The Goethals owned a large lot with a single family home and guesthouse.  In 2001, the local planning board endorsed the Goethals’ plan to subdivide that lot into two parcels and, for a time, the Goethals retained both Lots.   Their guesthouse was on Lot 1 and a single family home was on Lot 2.  Lot 1 is about 12,000 square feet, whereas zoning requires a minimum lot size of 25,000 square feet for a single family home.

In August 2005, the Goethals sold Lot 2 to the Brunos.  The Goethals retained Lot 1, later improved the guest house on that Lot (allegedly in violation of zoning) and rented it out as a vacation home.   The Appeals Court agreed that, since at least 2005, there has been a single family residential use of Lot 1.

The case arose from the Brunos’ attempt to compel the Zoning Board of Appeals to order the removal of the Goethals’ house or, in the alternative, to obtain an injunction against all uses of that house–which “would inevitably require the eventual removal of the structure all the same.”  The ten-year statute of limitations in Section 7 applies to actions intended “to compel the removal, alteration, or relocation of any structure” on the basis of a zoning violation (a six-year statute of limitations applies to actions concerning structures authorized by a building permit and being used in accordance with that permit or the use authorized by a building permit).
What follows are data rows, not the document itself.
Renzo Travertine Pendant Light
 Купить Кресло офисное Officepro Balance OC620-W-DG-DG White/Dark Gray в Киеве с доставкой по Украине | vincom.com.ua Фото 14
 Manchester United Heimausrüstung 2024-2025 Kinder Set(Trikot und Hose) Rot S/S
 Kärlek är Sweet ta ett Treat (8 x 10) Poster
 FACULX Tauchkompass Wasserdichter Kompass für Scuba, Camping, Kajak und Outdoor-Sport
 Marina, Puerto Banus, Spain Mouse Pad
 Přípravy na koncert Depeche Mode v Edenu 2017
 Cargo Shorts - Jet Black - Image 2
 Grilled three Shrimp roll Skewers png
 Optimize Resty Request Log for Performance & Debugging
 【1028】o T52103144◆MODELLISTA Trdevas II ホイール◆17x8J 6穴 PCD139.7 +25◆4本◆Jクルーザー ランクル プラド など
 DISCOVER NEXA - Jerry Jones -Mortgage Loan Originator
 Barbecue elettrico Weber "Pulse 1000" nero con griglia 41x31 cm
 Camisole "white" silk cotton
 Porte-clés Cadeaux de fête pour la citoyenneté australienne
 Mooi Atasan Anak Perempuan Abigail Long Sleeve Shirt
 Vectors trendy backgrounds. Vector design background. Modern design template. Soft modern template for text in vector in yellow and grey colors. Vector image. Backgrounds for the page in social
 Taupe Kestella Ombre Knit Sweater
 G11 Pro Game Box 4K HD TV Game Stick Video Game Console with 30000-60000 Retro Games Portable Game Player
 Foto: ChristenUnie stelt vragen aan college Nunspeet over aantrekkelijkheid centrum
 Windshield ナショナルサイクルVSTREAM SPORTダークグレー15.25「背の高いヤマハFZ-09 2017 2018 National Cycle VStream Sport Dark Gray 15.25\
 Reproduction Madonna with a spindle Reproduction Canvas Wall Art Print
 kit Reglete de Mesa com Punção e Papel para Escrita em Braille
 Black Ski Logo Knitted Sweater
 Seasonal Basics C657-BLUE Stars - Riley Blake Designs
The issue was whether the ten-year statute of limitations began to run in 2001, as a result of the ANR endorsement that created the undersized lot, or in 2005, when the Goethals conveyed Lot 1.  In adopting the later date, the Appeals Court relied on the rule that, when adjacent nonconforming lots are held in common ownership, they are normally merged and treated as a single lot for zoning purposes.  So, when taken together, “Lots 1 and 2 formed a single conforming lot under the Goethals’ common ownership.”  That land remained a single conforming lot for zoning purposes until the 2005 conveyance.  Before that time, the Tisbury zoning enforcement officer could not have pursued an enforcement action against the Goethals.  Therefore, the statute of limitations did not start to run until they conveyed Lot 1 in 2005 and Lot 2 became nonconforming.

Under Section 7, the Brunos had until August 2015 to file and record their action.  In light of a dispute regarding whether the purported recording of the action in April 2015 was proper, the Appeals Court remanded the case to the Land Court.  The Appeals Court left unresolved whether the statute of limitations clock starts ticking on the date of the deed creating the nonconformity or the date of its recording.

This case provides a useful reminder that the doctrine of merger may complicate a zoning analysis, including with respect to the critical question of whether the statute of limitations bars a zoning enforcement action.